Want to really make a reader’s skin crawl? Send your character down a dark hallway covered in webs or roaches or drop them in a pit full of snakes. Maybe lock them in a room with a rabid raccoon and make their only escape require running barefoot through the glass of a shattered window. It’s all up to you. Have fun with it.
The loss of autonomy is the fear of being imprisoned, paralyzed, immobilized, or otherwise restricted in some way that is beyond our control. Again, as with separation anxiety, there can be a physical or emotional component, making this a good tool for many genres beyond horror and terror.
Fear of the physical loss of autonomy is just what it sounds like—being afraid of something or someone physically restraining you. It can be anything from being tied down or chained up, to being drugged, sat on, or trapped in an elevator. The latter plays on claustrophobia, the fear of enclosed spaces.
The fear of emotional loss of autonomy focuses more on social and personal interactions, as well as relationships. This fear can be quite useful in creating tension between characters in a broad range of genres. The fear of being trapped in an abusive relationship might hold a character back from seeking companionship. This fear includes being afraid of getting lost in the crowd or not having your voice heard.
One fear that’s useful in almost any genre is that of separation. This is the fear of abandonment and loss of connection. I’m not just talking about being physically separated from others, but emotionally as well. That’s what makes this particular fear so universal.

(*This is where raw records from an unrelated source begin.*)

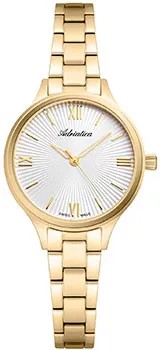 Швейцарские наручные  женские часы Adriatica 3537.1163Q. Коллекция Ladies
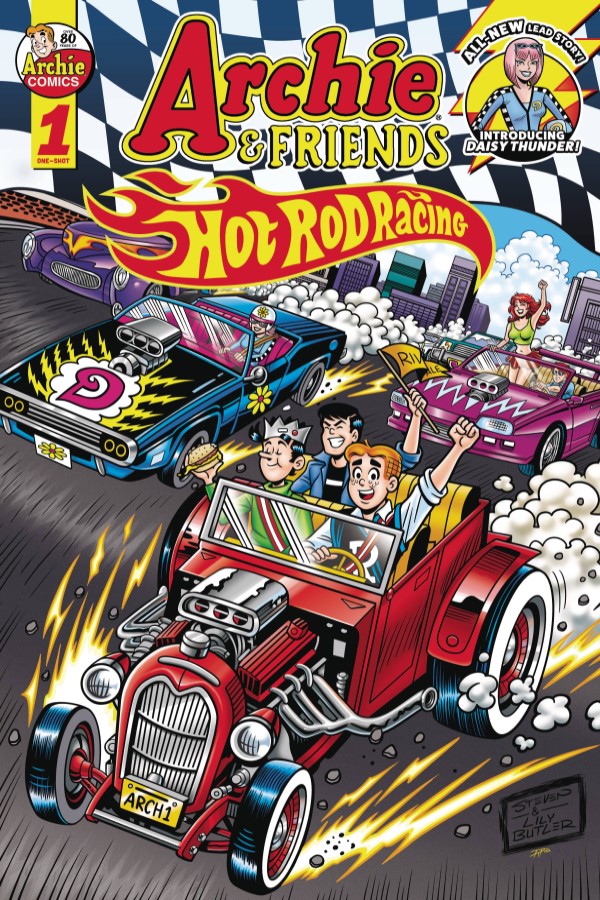 Archie & Friends Hot Rod Racing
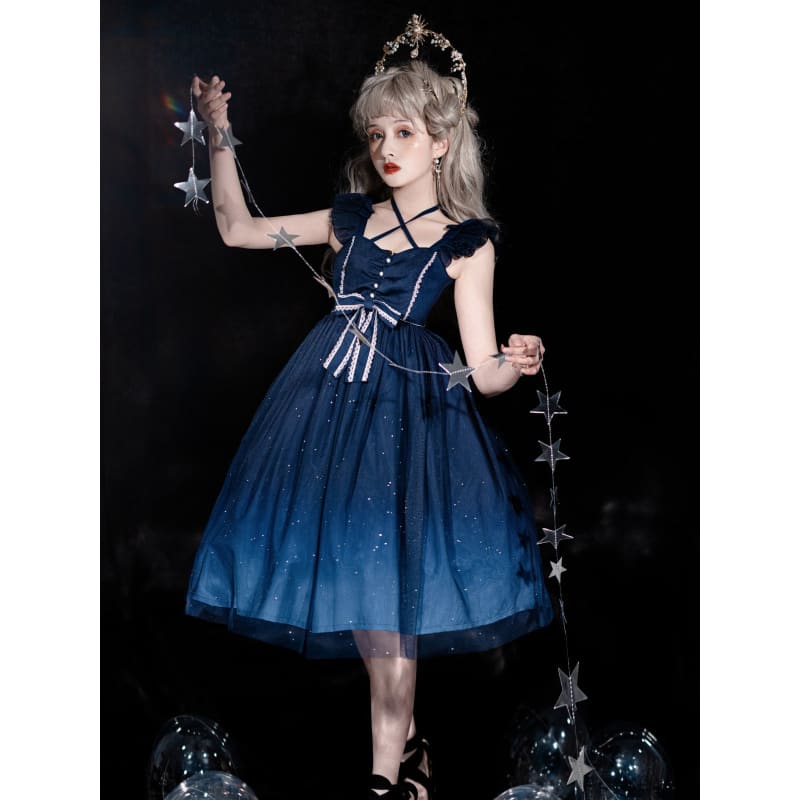 Sea of Galaxy Lolita Dress MK17686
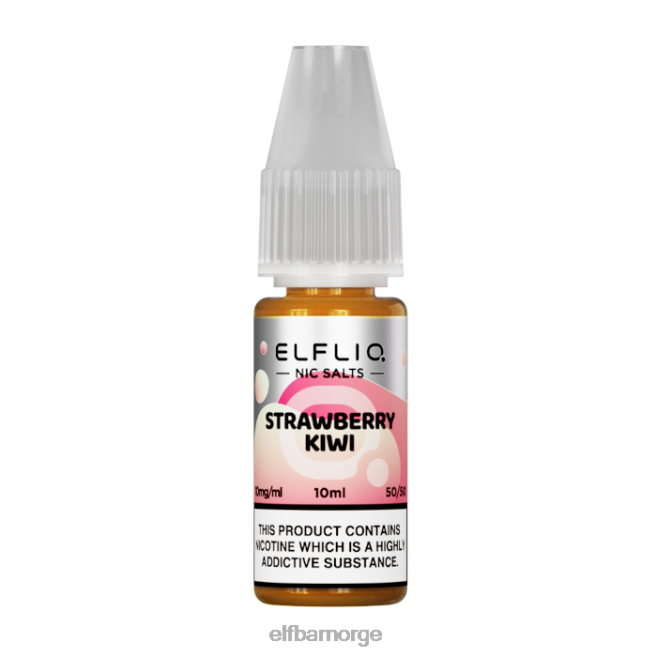 elfbar elfliq nic salter - jordbærkiwi - 10ml-10 mg/ml 86L26180
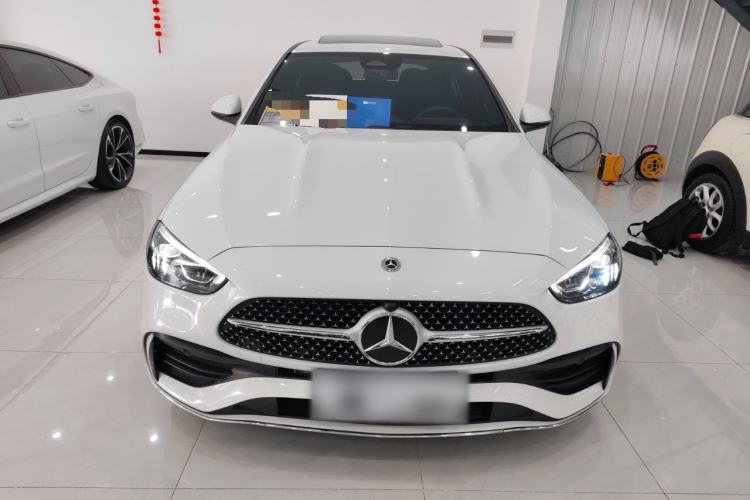 Used Mercedes-Benz C-Class 2023 C 200 L Sport Edition Front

We’re all familiar with physical separation in stories. Characters can fear getting lost in the wilderness or their group getting split up, whether by design or by unforeseen circumstances, giving an antagonist the opportunity to pick them off one by one. Then there’s also the anxiety brought on by the thought of outright abandonment—just being left alone to fend for yourself.
On the other hand, emotional separation can be trickier to use, but very powerful. It can be used in any genre to amp up the anxiety. Remember when I mentioned you romance writers out there? This is one of the fears I’m singling out for you. How many times have you read a book where a character is denied by the object of their desire, or shunned by the in-crowd? The fear of this type of rejection can cause a character to put up walls that will have to be torn down later to reach their goals.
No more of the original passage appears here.